→ **YOUR INSTRUCTIONS**:
Omitting all images, transcribe the listing word for word.

→ **DATA EXCERPT**:
◆ ◆ ◆ ◆

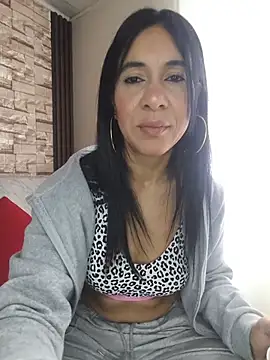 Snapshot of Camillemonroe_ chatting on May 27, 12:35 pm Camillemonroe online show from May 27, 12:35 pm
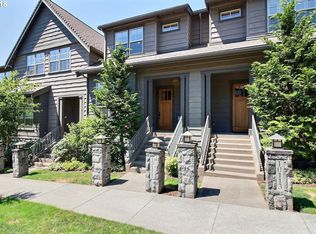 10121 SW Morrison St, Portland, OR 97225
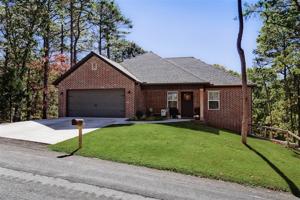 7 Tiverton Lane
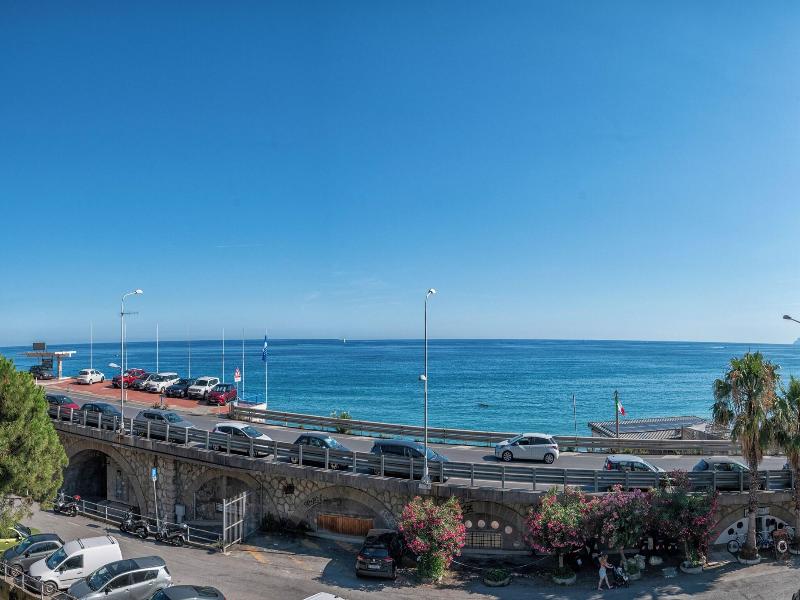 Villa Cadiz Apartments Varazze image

◆ ◆ ◆ ◆

→ **ANSWER TO THE EXERCISE**:
 Snapshot of Camillemonroe_ chatting on May 27, 12:35 pm Camillemonroe online show from May 27, 12:35 pm
 10121 SW Morrison St, Portland, OR 97225
 7 Tiverton Lane
 Villa Cadiz Apartments Varazze image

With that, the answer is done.